There is a very steep learning curve when it comes to the command line. The purpose of this workshop is not really to help you become a command line expert, so don’t worry if you are finding it difficult. It takes a lot of practice and learning to get comfortable using the command line.

The purpose of this workshop is to demonstrate the fundamentals of bioinformatic analysis. We will need to use the command line throughout the week, so it would be best if participants had taken part in an introduction to the Unix command line workshop before participating in this one, if you not had the time to do that, that’s Ok, but there may be places where some things seem a bit opaque.

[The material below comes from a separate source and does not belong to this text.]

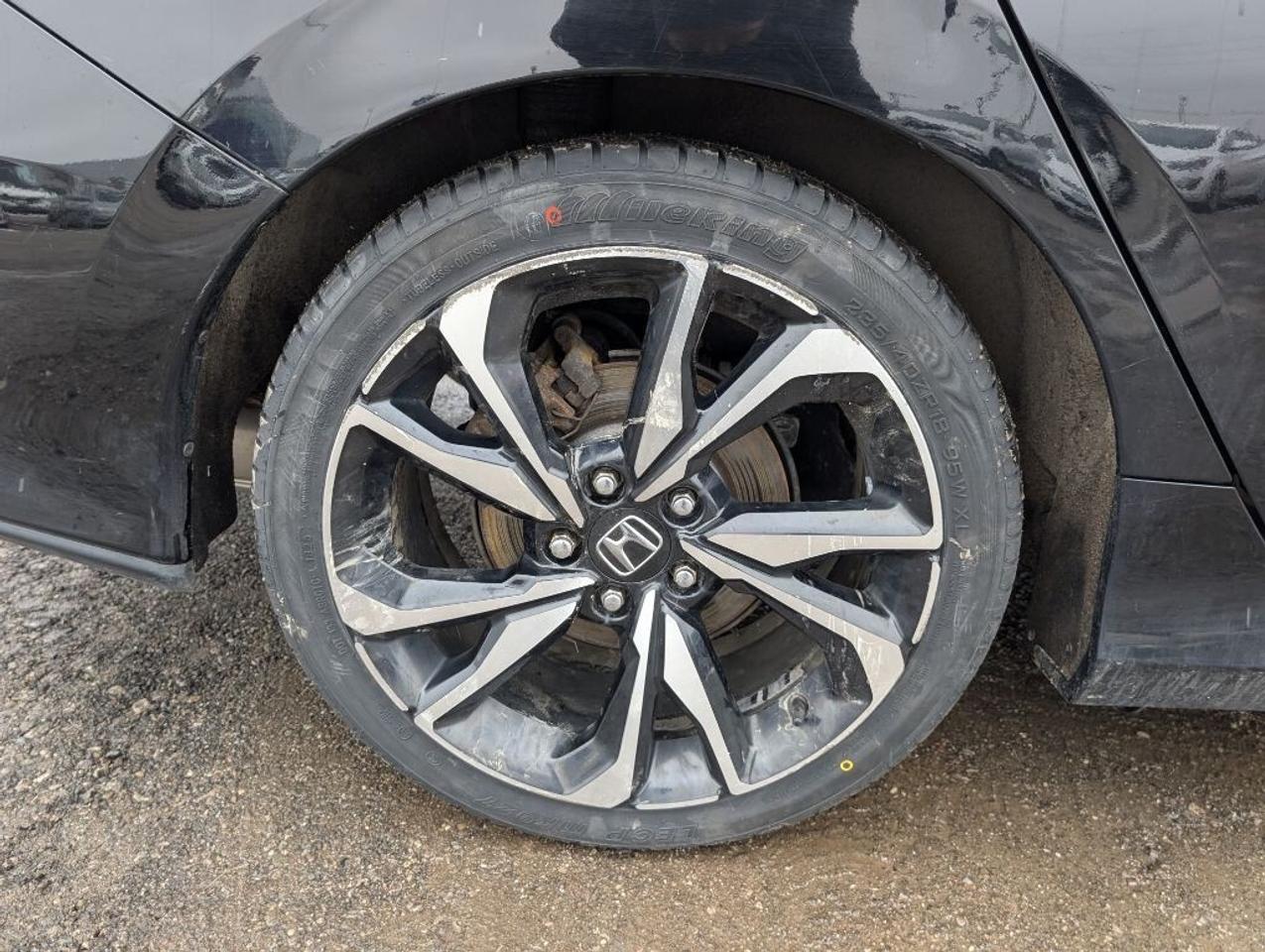 2019 Honda Civic Si   SUNROOF   CAMERA   HTD SEATS Photo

Please do not hesitate to ask questions and do not be put off if you find certain things difficult to begin with, but remember that the primary purpose of this workshop is to become familiar with bioinformatic tools and a general familiarity with UNIX command line environments is strongly encouraged.


We have tried to focus on concepts rather than particular software packages in this workshop. This field is moving so fast that most programs and packages are out of date before too long. That being said, we have had to choose some packages to use for the tutorial, but these should not be seen as the be-all and end-all. There are many packages for specific purposes that we do not have time to go over.

Accompanying material

Part 0: Logging on to the servers:

We have set up virtual machines (VM) for the workshop. You should have received an email about the particular VM you’ll be using. To access the VMs we’ll use a command line program called “Secure Shell” (ssh).

The program ssh is a very widely used piece of software that is normally installed on most Linux distributions, Macs too. If you are working on Windows, on the other hand, it is a little more involved…

Mac/Linux instructions

If you are working on a Mac or a machine running a Linux distribution, it is as simple as opening the Application called Terminal.

Windows Instructions

If you are working on a PC and running a Windows version later than 10, you should be able to use Windows Terminal or Windows PowerShell. If you’re using an earler version of Windows you’ll need to download, install and use something like Putty to access the virtual machines.

Instructions for using Putty and MobaXTerm can be found here ____ Once you have access to a comand line interface do the following to login to the server:

ssh my_user_name@123.456.789
  # my_user_name should be whatever your username is
  # 123.456.789 is the IP address of the server

When you hit enter, you’ll be asked to enter your password. Note that when you do that you will not see any text appear as you write - this is a security feature of ssh.

Part 1: Interface:

1.1 Prompt or command line

You should see a blinking cursor and a screen that looks something like this:

The white text is mostly a welcome screen that lets you know the status of the machine you’ve just logged in to. For the purposes of this tutorial ignore this text.

1.2 Output

Cowsay

The first thing you should do is to enter the following command:

cowsay Hello

This should have printed a picture of a happy little cow to your screen. cowsay is a very helpful little program for whenever you need a little pick-me-up.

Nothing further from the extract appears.